I got a ton of heat for casting fingers on SJR #2, but I have yet to be proven wrong.  Now the Feds are playing the same game.  And people are getting excited.  Once again, don’t be fooled.  Parents aren’t opting out of district assessments that gave immediate feedback and actually help teachers.  They are opting out of SBAC and PARCC.  Because they don’t help students or teachers, and there is no immediate feedback.  Hell, teachers can’t even see the questions or the answers.  Until President Obama publicly apologizes for the policies and non-Congressionally approved mandates coming out of HIS Department of Education, and abolishes all of these standardized assessments and the punitive measures they have on teachers and schools, I don’t believe a word he says about this matter.

Want to know when the SJR #2 Task Force will start to meet?  Probably the second a legislator brings up the veto override of House Bill 50!

Unraveling The Gordian Knot Around The Delaware DOE, AIR, DRC, CCSSO & SBAC

For many years, the Delaware Department of Education enacted policies and procedures with most of Delaware not aware of what was really going on.  This is changing at an exponential rate.  A Gordian knot is described as an unsolvable problem.  For years, folks in Delaware took whatever the DOE said as the gospel truth and there was nothing they could do about it.  The times, they are indeed changing…

For example, Senate Joint Resolution #2.  Sponsored by Delaware State Senator David Sokola and State Rep. Earl Jaques.  This resolution creates a task force to do away with unnecessary assessments because “students are being tested too much.”  Now I am hearing the DOE wants to increase the amount of interim assessments for the Smarter Balanced Assessment.  So we will get rid of the tests that actually give immediate feedback for instructional growth, but have more tests aligned with the Smarter Balanced?  You have got to be kidding me.  I always knew this was a ploy to fight opt-out, but now we are seeing the scorpion sting coming from the backend.  They want ALL the assessments kids get to be tied to Smarter Balanced, all for scores on THIS test.  And let’s not even get into how much more money this will give the vendor for Smarter Balanced, none other than American Institutes for Research (AIR).  As if $38 million between DCAS and Smarter Balanced weren’t enough…

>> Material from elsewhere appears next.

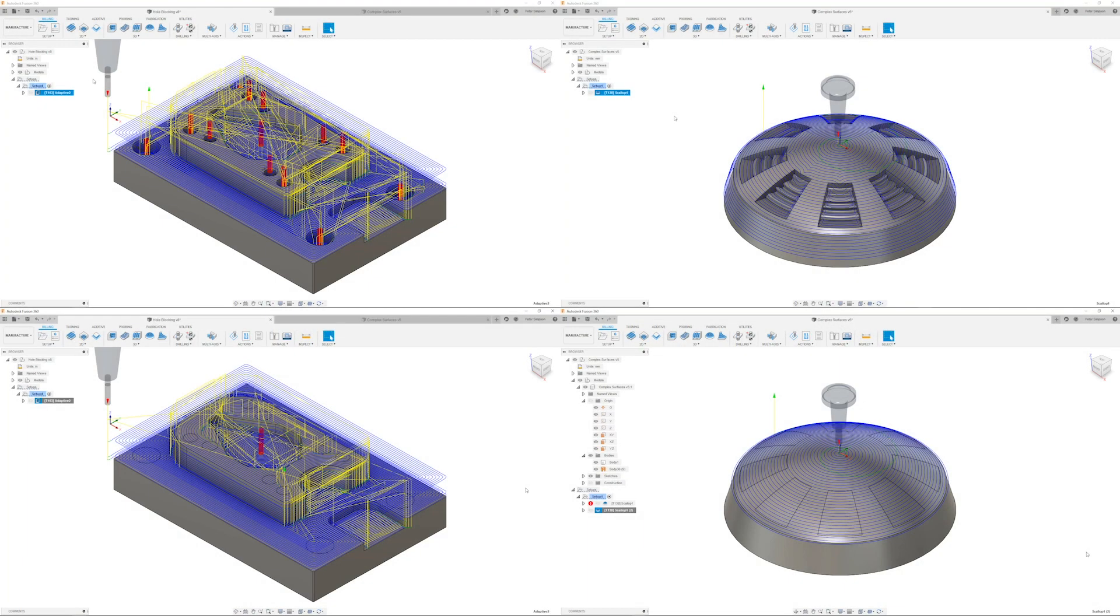Hi everyone, today we're going to be taking a quick look at how you can use surfaces to your advantage when creating toolpaths. Surfaces can be used to cover holes or other geometry you want the toolpath to avoid.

In a couple newsletters from the Delaware System of Student Assessments (DeSSA), they talk about Data Recognition Corporation (DRC) being the scoring vendor, but never reveal the actual contractual relationship between AIR and DRC, even though other states were openly talking about it.  In fact, it appears the DOE did everything they could to avoid anything seen as issues with the Smarter Balanced Assessment during all of the House Bill 50 debate.

The key words in this newsletter from May of 2015, which talks about the “assessment inventory” are as follows:

Ultimately, the overall goal of this project is to provide a balanced system of assessments incorporating a minimum amount of high quality testing while meeting accountability needs and the needs of the educators supporting student growth and maximizing time for instruction.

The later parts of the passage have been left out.